Exercise data: Begin
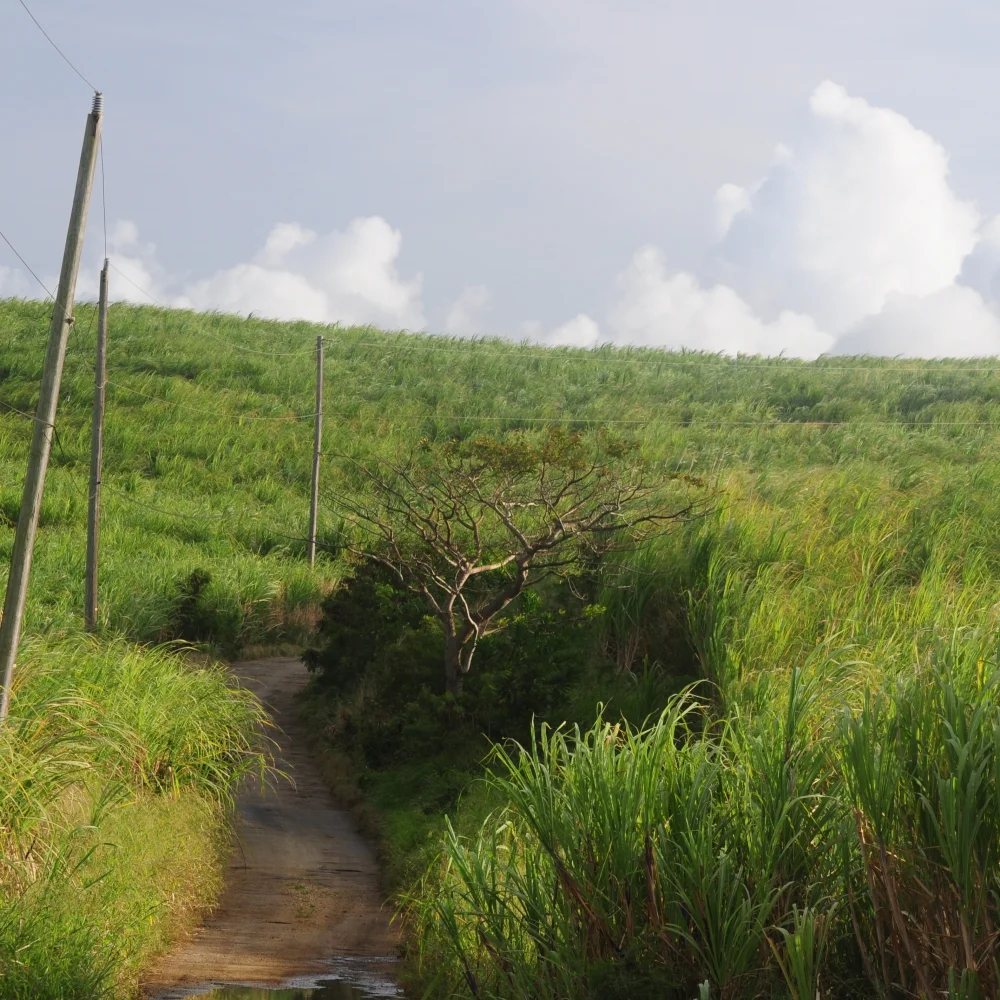 Cane fields Barbados Arthur Road Landscapes.jpg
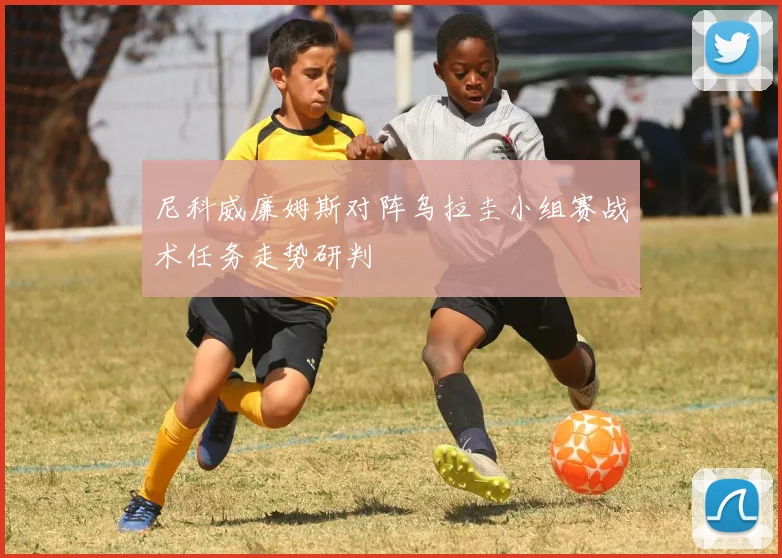 尼科威廉姆斯对阵乌拉圭小组赛战术任务走势研判
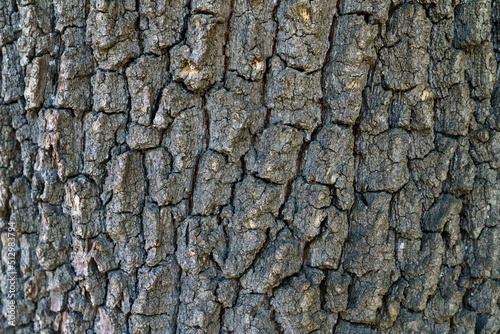 oak bark texture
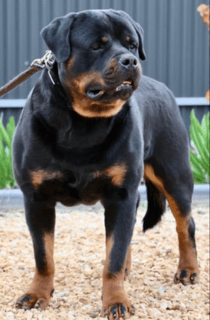 Westobri Kennels - Rottweiler Breeder - Adelaide, SA Westobri Kennels - Rottweiler Breeder - Adelaide, SA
Exercise data: End
Lines before the one containing "oak bark texture" are not wanted; repeat that line and the rest of the listing exactly, leaving out pictures.

▶ **Response to the exercise**
 oak bark texture
 Westobri Kennels - Rottweiler Breeder - Adelaide, SA Westobri Kennels - Rottweiler Breeder - Adelaide, SA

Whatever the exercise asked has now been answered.